Section 32.10, Stats., provides in pertinent part:

The petition shall describe the land, state the person against which the condemnation proceedings are instituted and the use to which it has been put or is designed to have been put by the person against which the proceedings are instituted. A copy of the petition shall be served upon the person who has occupied petitioner's land, or interest in land. The petition shall be filed in the office of the clerk of the circuit court and thereupon the matter shall be deemed an action at law and at issue, with petitioner as plaintiff and the occupying person as defendant.

See Olsen v. Township of Spooner, 133 Wis.2d 371, 395 N.W.2d 808 (Ct.App. 1986), holding that sec. 893.80(1)(a) requires timely notice of claim for actions under sec. 32.10.

NUISANCE

Next, Hillcrest alleges that Altoona created and maintained a private nuisance, committed trespass, and acted negligently by collecting and diverting water onto Hillcrest's land. Altoona contends that the design, approval and construction of a sewer system are legislative functions. Accordingly, the city claims that regardless of the theory pleaded, sec. 893.80(4), Stats., prohibits suit against any public body for damages caused through the exercise of its legislative functions. Although the theoretical outlines of nuisance, negligence and trespass overlap and are often blurred by the issue of governmental immunity, we conclude that the pleadings state a claim under the theory of private nuisance, unaffected by Altoona's asserted immunity.

Neither sec. 893.80(4) nor the common law immunity that predated its enactment empowered a public body to create or maintain a nuisance. See Winchell v. City of Waukesha, 110 Wis. 101, 109, 85 N.W. 668, 670 (1901). Winchell upheld the trial court's injunction prohibiting the city from collecting and channeling raw sewage directly into a stream that flowed past the plaintiff's farm. The court recognized a public body's immunity from suit for exercising its legislative authority. Id. at 107-08, 85 N.W. at 669-70. But Winchell firmly rejected the notion that a public body's legislative authority shielded it from private nuisance suits. The court stated:

The great weight of authority, American and English, supports the view that legislative authority to install a sewer system carries no implication of authority to create or maintain a nuisance, and that it matters not whether such nuisance results from negligence or from the plan adopted. If such nuisance be created, the same remedies may be invoked as if the perpetrator were an individual.

Id. at 109, 85 N.W. at 670 [emphasis added].

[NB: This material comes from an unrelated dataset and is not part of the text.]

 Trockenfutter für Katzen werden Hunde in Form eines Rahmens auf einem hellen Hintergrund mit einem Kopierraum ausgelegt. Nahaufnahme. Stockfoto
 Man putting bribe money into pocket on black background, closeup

Although more recent case law has altered governmental immunity, a public body's immunity for its legislative actions is unaffected. In 1962, our supreme court abrogated the judge-made rule of governmental immunity from tort suits. Holytz v. City of Milwaukee, 17 Wis.2d 26, 32-33, 115 N.W.2d 618, 620 (1962). Holytz reversed the trial court's dismissal of a complaint alleging that city employees had negligently left open a large trap door covering a water meter. The complaint alleged that the cover, located near a drinking fountain in a city playground, fell on the plaintiff's hands and injured her.

Although rejecting the city's claim of immunity against this alleged negligence, the Holytz court also limited the effect of its decision. Holytz did not expose governments to liability for all harms, it merely allowed the government to be sued for tortious harms. Id. at 39, 115 N.W.2d at 625. Significantly, the court held that the decision did not impose liability on a public body in the exercise of its legislative, judicial, quasi-legislative, or quasi-judicial functions. Id. at 40, 115 N.W.2d at 625. Thus, Holytz reinforced a public body's traditional immunity from liability in the performance of legislative and judicial functions.

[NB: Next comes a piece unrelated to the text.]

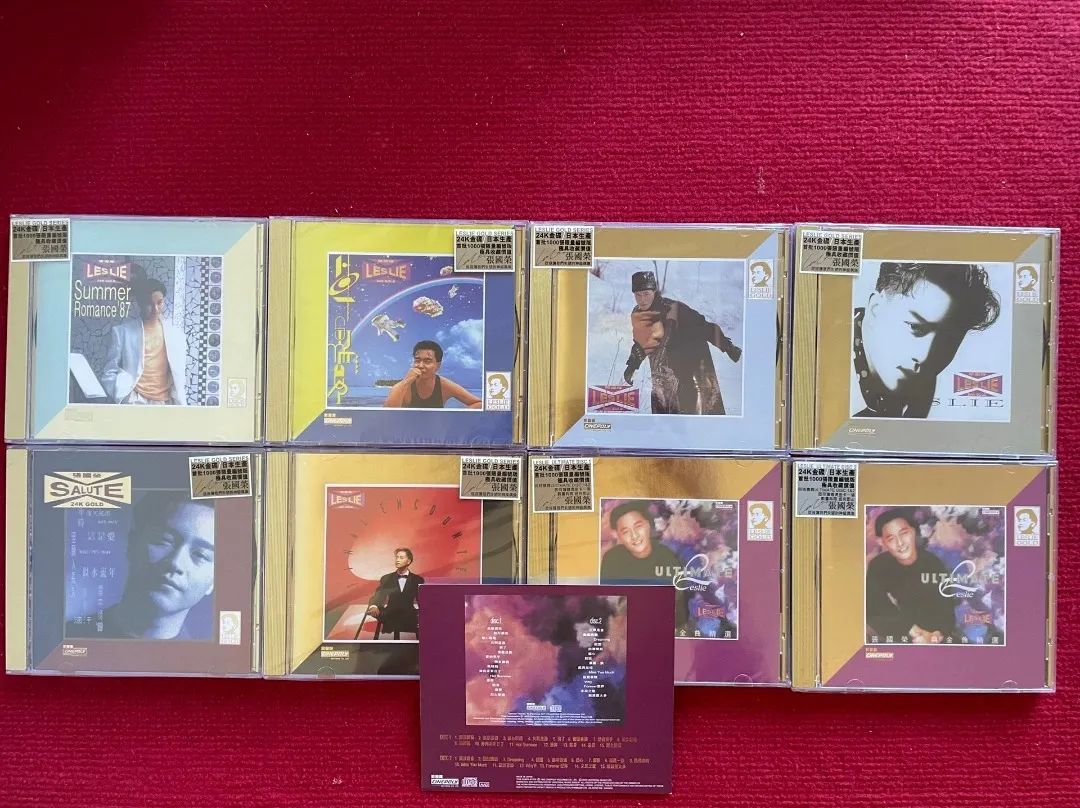 紅色布面上八個張國榮CD透明盒,前方另放一張印有曲目文字的紫色紙件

In 1963, the legislature effectively codified Holytz by enacting sec. 331.43, Stats., the predecessor to today's sec. 893.80. Section 331.43, ch. 198, Laws of 1963 (published July 26, 1963). In addition to imposing certain procedural requirements for suits against public bodies, the statute restated the rule that no suit may be brought against a public body for the exercise of its legislative, judicial, quasi-legislative, or quasi-judicial functions. Id. Thus, the statute recognized the Holytz abrogation of tort immunity while it also codified the traditional immunities protecting public bodies from suit for exercising legislative and judicial functions. However, the statute neither created nor enlarged a public body's immunity from private nuisance suits. The law of governmental immunity as it relates to private nuisance suits remains unchanged since the Winchell decision. The creation and maintenance of private nuisances are simply not recognized as legislative acts subject to protection under sec. 893.80(4).

The following year, our supreme court upheld an injunction prohibiting the City of Fond du Lac from maintaining a private nuisance. Costas v. City of Fond du Lac, 24 Wis.2d 409, 418-19, 129 N.W.2d 217, 222 (1964). In Costas, a motel owner brought suit against the city for its operation of a sewage treatment plant. The plant produced an unbearable odor that blew over the plaintiff's property and affected his customers and business. Id. at 412, 129 N.W.2d at 219. Although the city argued that the nuisance was public and not private, the court held that because the nuisance affected the plaintiff to a greater degree than others, he was entitled to sue under the theory of private nuisance. Id. at 414, 129 N.W.2d at 220.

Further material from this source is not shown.